Erasmus Quellinus I or Erasmus Quellinus the Elder (alternate names: Erasmus Quellinck, Erasme Quellin (I)) (Sint-Truiden, 1584 - Antwerp, 22 January 1640) was a Flemish sculptor best known for classically inspired ornamentation work and copies after the antique. He was the founder of an important Antwerp dynasty of artists.

Details of his early life and training have not survived. He became master of the Antwerp Guild of Saint Luke in 1606. He married Betje van Uden, the sister of the painter Lucas van Uden. The couple had three sons: Erasmus, who would become a painter and engraver, Artus, who would follow in his father’s footsteps and become a sculptor, and Hubertus, who became an engraver and painter.
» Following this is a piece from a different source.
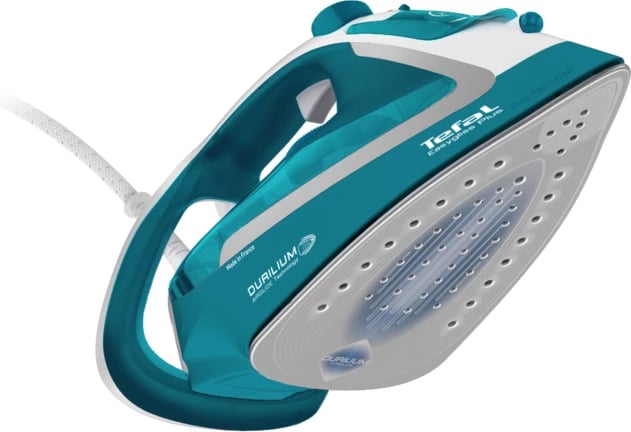 Hekur me avull, Tefal, FV5737E0, 2500W, 45 g/min, goditje avulli 220 g/min, depozitë 270 ml, turkeze/bardhë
His daughter Cornelia Quellinus married his pupil, the sculptor Pieter Verbrugghen the Elder.

He was the teacher of Pieter Verbrugghen the Elder, Melchior Charles, Wallerant Vaillant, Joos Sterck (1607); Rombout Claes (1609), Melchior van der Lanen (1612), Hans Franscoys (1614), Hans Bernaert (or Beernart) (1615) and Christoffel de la Fontaine (1633–34).
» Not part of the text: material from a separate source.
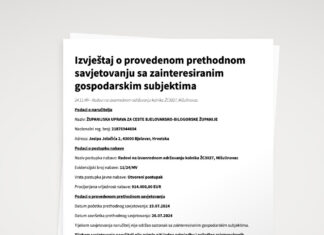Izvještaj o provedenom prethodnom savjetovanju sa zainteresiranim gospodarskim subjektima 11/24/MV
His work is not well known since only a few of his works have survived. Erasmus is primarily known as a sculptor who drew inspiration from antiquity. He worked in the late Renaissance style although his later work shows a development towards early Baroque. The bulk of his commissions consisted of the renovation and replacement of church furniture that had been destroyed during the iconoclastic troubles of the 16th century. Besides decorative work, he is known to have made individual statues, none of which have survived.